Not an easy read at times and forbiddingly long for fiction but it does have something that most books lack. It takes on a massive set of subjects and conquers most of them easily. I liked the to-ing and fro-ing in time and I came to quite like old Dave, warts and all.

It is such an English book and reminds me of both why I loved and left England about how poetic and cruel they are as a race and how such amazing possibilities and such repression live side by side in a mutually self hating way.

If this thoroughly depressing book was the news instead of what I read in the UK Papers then I would think that things had improved over there, but instead I find that England today is far worse than any author can imagine and todays news make Dave look like a winner.

If you are English and haven't read this then you need a damn good spanking by Miss Stern

( )
  Ken-Me-Old-Mate | Sep 24, 2020 |
Any time a book requires a glossary to read, I'm automatically less interested. This book appears to be an updated version of "A Canticle for Leibowitz" by Miller. There only interesting thing is how he makes the "current day" dialog almost as incomprehensible as the "post-apocolyptic" dialog. Couldn't finish it. ( )
  Skybalon | Mar 19, 2020 |
"The past has become our future and in the future lie all our yesterdays."

The Book of Dave the author ponders what would happen if in 500 years from now, English society was shaped by the rantings of a 21st-century London taxi driver. The book is therefore told in two distinct parts with one being the present and the other being the distant future.

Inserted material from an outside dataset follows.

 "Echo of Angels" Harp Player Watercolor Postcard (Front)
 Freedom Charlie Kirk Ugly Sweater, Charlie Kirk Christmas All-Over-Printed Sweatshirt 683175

Dave Rudman is a brutish lout who when other went on to university decided to follow in the family footsteps and become a London black cab driver privately cursing his fares and virtually everyone else, particularly blacks, Jews and Arabs. Dave is not handsome either yet one day is invited upstairs by one of his fares, a beautiful woman to have sex. Seven months later, a heavily pregnant Michelle turns up on Dave's doorstep and tells him that he is the father of her unborn child. Dave decides to do the decent thing and marries her.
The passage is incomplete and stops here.